**WHAT TO DO:** For the lines from the one with "My foot got" to the end of the listing below, both ends included, give an exact copy and nothing more. Do not copy pictures.

★ ★ ★ ★ ★ ★ ★

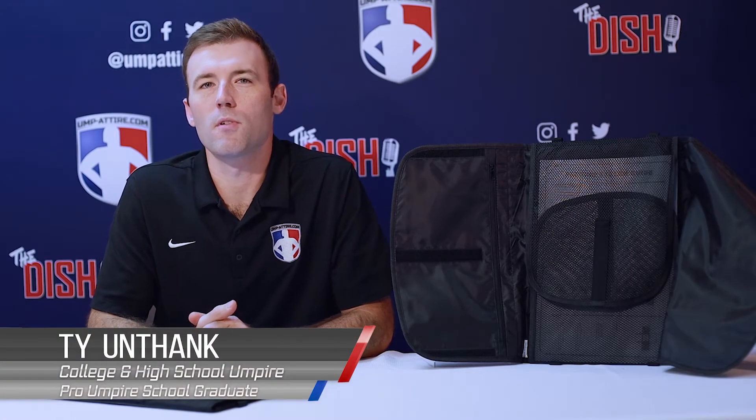Welcome to Uptire.com. Here's your official review on the Smitty Fold'em Travel System. Arrive to your game with wrinkle-free uniforms using this folding guided travel system.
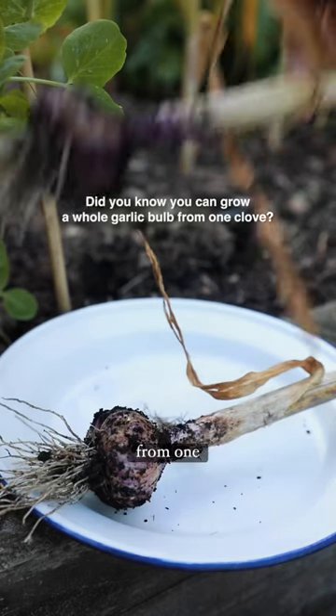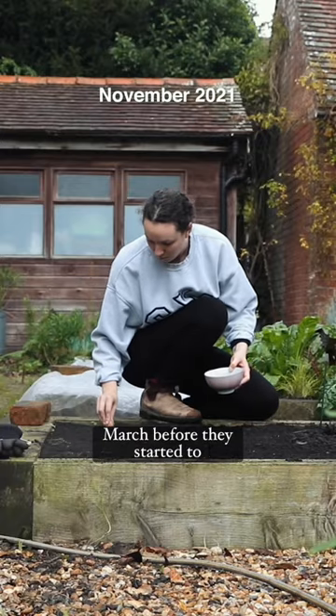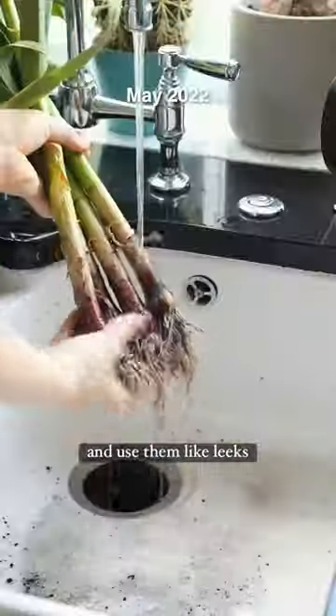Did you know that you can grow a whole garlic bulb from one clove? I sowed single cloves in November and waited until March before they started to sprout. In May you can harvest green garlic and use them like leeks.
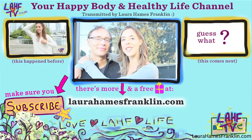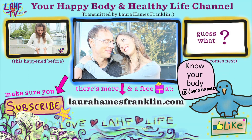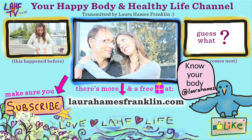And now I became a Franklin. Thanks for watching. Sign up, subscribe, like it, love it, share it, and we'll see you soon. Bye.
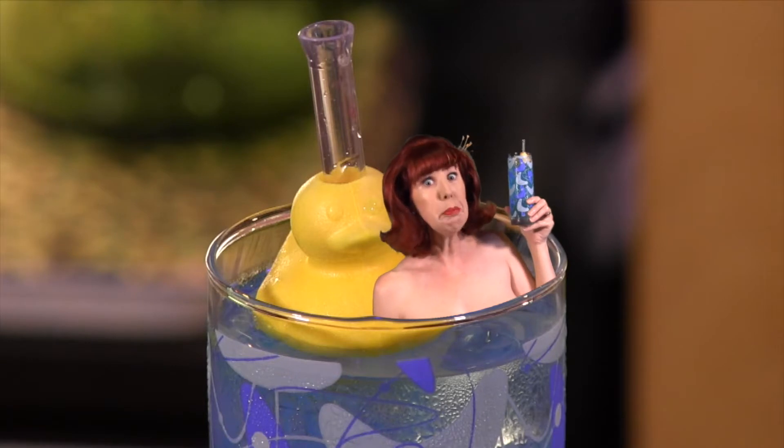A rubber duck is optional, but recommended. Thank you to the fabulous Zing Cat for these adorable straws! Follow the link below to check out his channel and tell him we sent you, and have a fabulous holiday weekend! Thank you for visiting the Velveteen Lounge Kitchen!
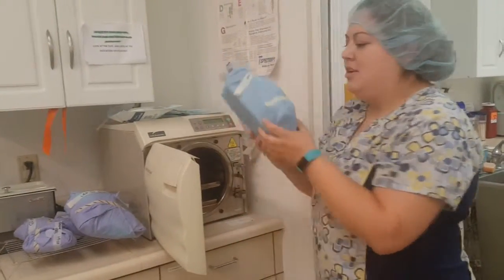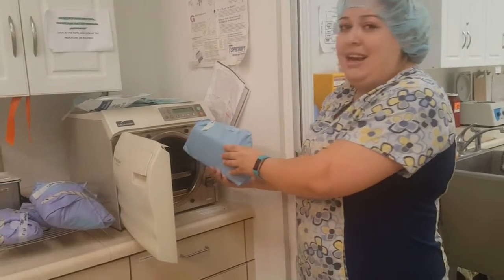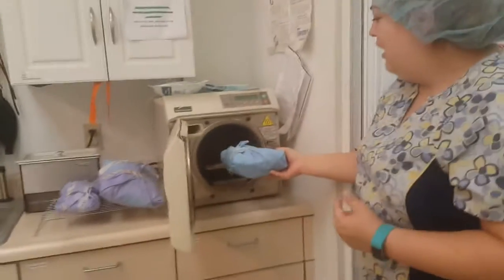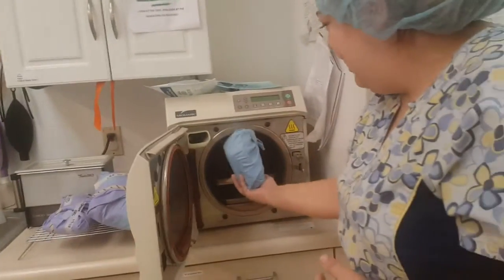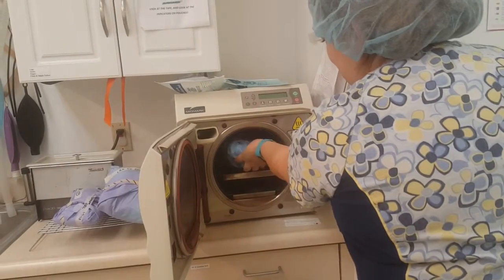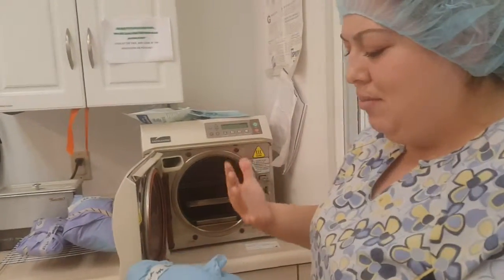Any packs that you use should always be laid on their side. You never want to lay them flat or upside down because the steam can't go through them properly.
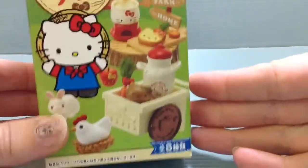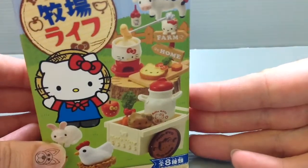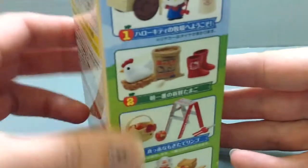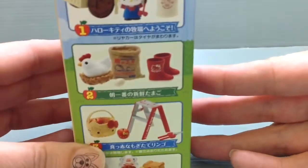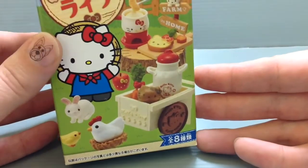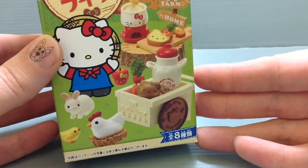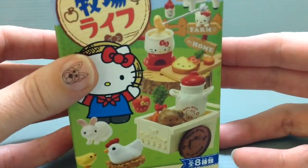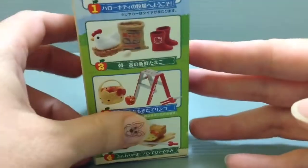I thought I'd go ahead and show you guys one of these and kind of show you every little part that's in it. I've already opened them — when I was buying it I knew I was going to get a complete set, so I know which one I'll be sharing with you. Still, I thought I could show you guys the pieces up close and then show you the whole series.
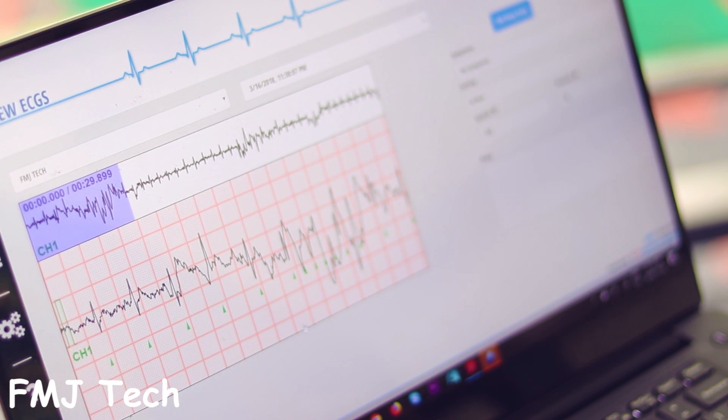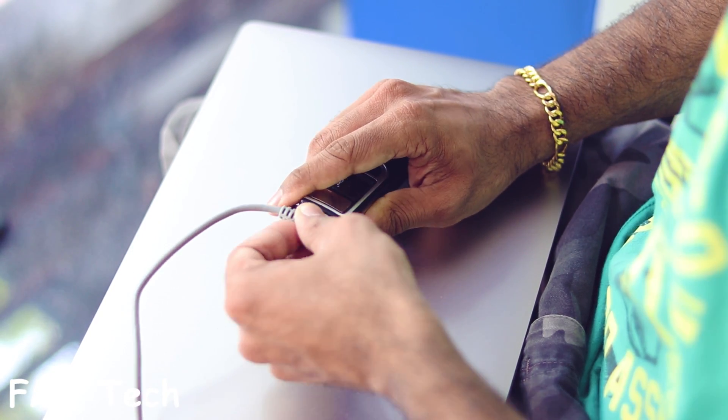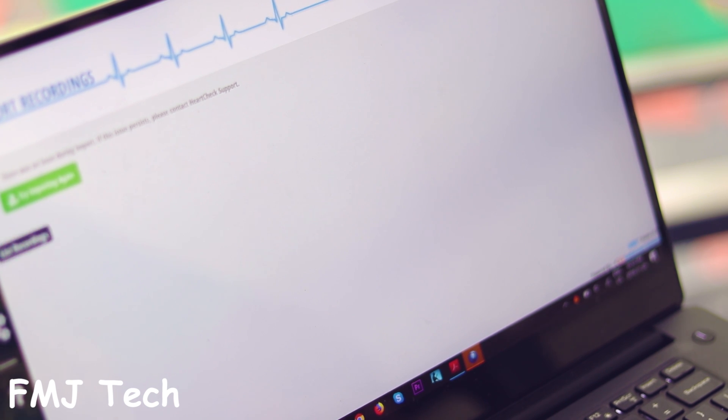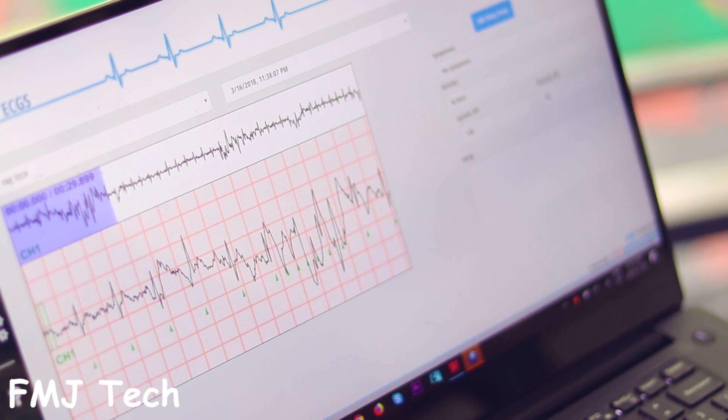So simple, right? To get the ECG reports on your PC, you have to install software called GemsPC. Connect this device to your PC using the USB data cable provided and register your device using the software. Once registered, you are all set to get your first reading analyzed by a qualified physician free of charge online. It's very easy to send the ECG reports for analysis.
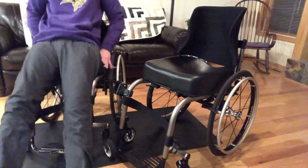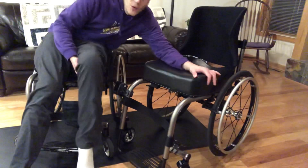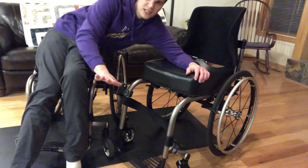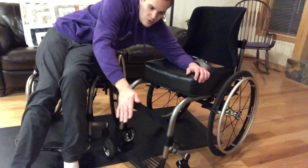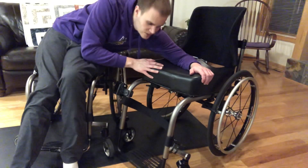My foot got stuck and my shoe fell off, but you can see that was a piece of cake compared to this one. This one I really have to lean forward but I also don't have much hand grip to go forward. So I'm going to have to brainstorm with this one on how to do a floor transfer.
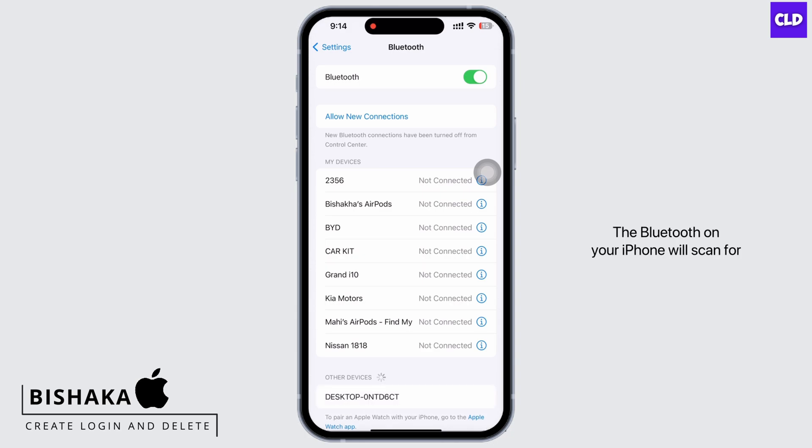The Bluetooth on your iPhone will scan for discoverable Bluetooth devices and will pair to the device automatically if it is nearby.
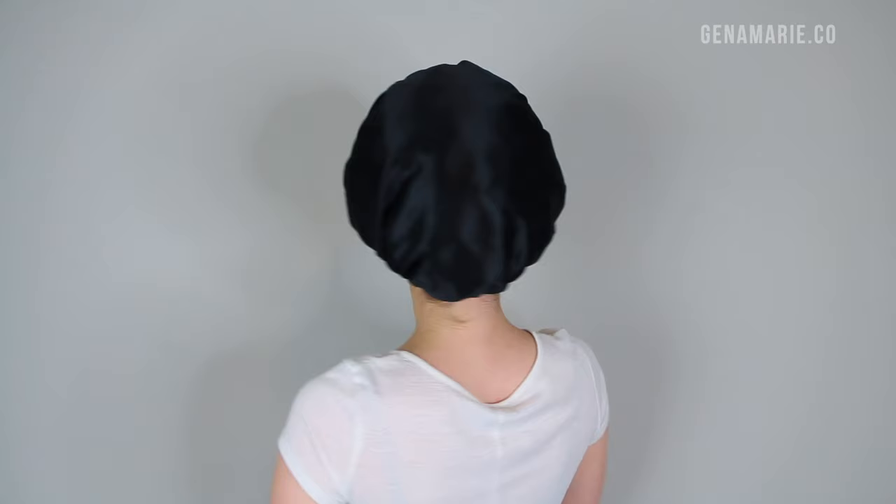Satin and silk material is your best friend if you have naturally curly hair because it is so smooth and silky that it doesn't cause any friction, frizz, or tangles. Sleeping on a traditional cotton pillowcase can be really damaging to your curls — your hair can get very tangled underneath and it causes so much frizz, which can be a pain when you go to refresh your hair the next day. A satin or silk bonnet keeps your curls on top of your head and protected from your pillowcase.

★ ★ ★ ★ ★ ★ ★

**ANSWER TO THIS EXERCISE:**
My foot got stuck and my shoe fell off, but you can see that was a piece of cake compared to this one. This one I really have to lean forward but I also don't have much hand grip to go forward. So I'm going to have to brainstorm with this one on how to do a floor transfer.
The Bluetooth on your iPhone will scan for discoverable Bluetooth devices and will pair to the device automatically if it is nearby.
Satin and silk material is your best friend if you have naturally curly hair because it is so smooth and silky that it doesn't cause any friction, frizz, or tangles. Sleeping on a traditional cotton pillowcase can be really damaging to your curls — your hair can get very tangled underneath and it causes so much frizz, which can be a pain when you go to refresh your hair the next day. A satin or silk bonnet keeps your curls on top of your head and protected from your pillowcase.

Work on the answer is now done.